> _TASK INSTRUCTIONS_: An exact reproduction of the data below is expected, free of images.

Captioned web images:
------------
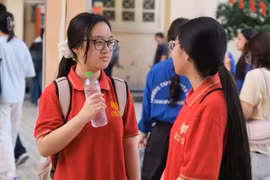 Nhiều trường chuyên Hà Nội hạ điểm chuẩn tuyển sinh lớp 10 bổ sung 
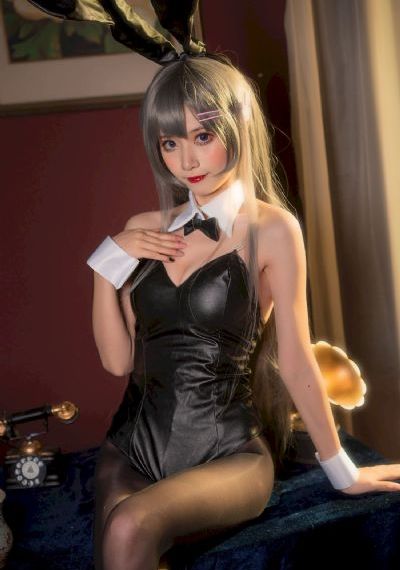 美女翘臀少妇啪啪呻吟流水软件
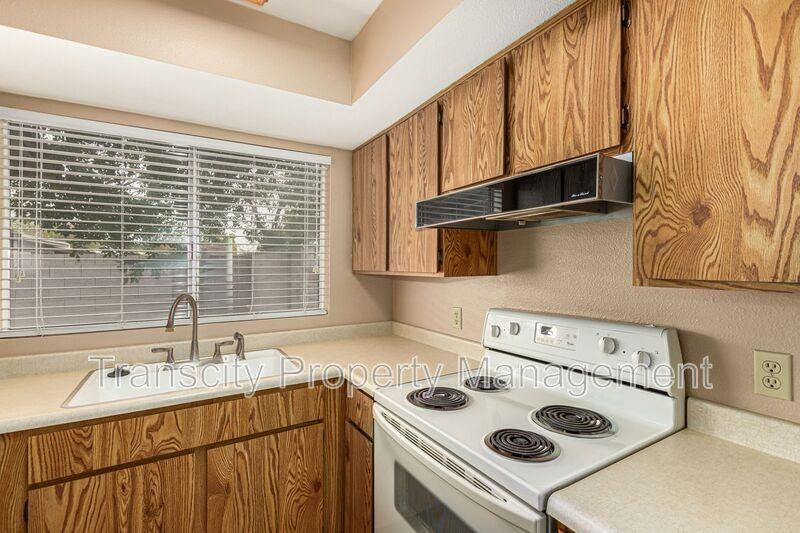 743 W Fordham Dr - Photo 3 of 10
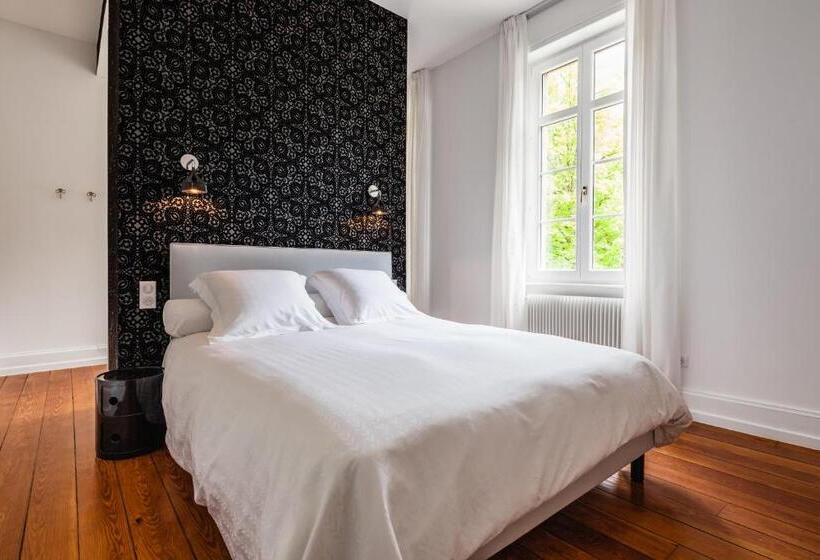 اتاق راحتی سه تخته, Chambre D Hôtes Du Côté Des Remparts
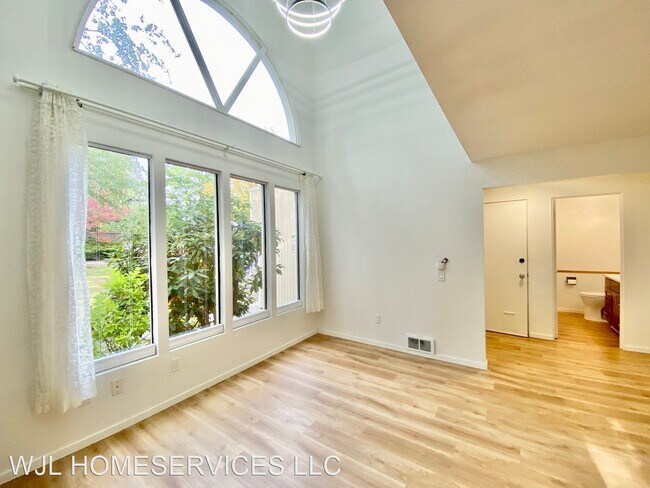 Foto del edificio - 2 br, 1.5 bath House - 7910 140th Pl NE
------------
> _PROBLEM SOLUTION_:
 Nhiều trường chuyên Hà Nội hạ điểm chuẩn tuyển sinh lớp 10 bổ sung 
 美女翘臀少妇啪啪呻吟流水软件
 743 W Fordham Dr - Photo 3 of 10
 اتاق راحتی سه تخته, Chambre D Hôtes Du Côté Des Remparts
 Foto del edificio - 2 br, 1.5 bath House - 7910 140th Pl NE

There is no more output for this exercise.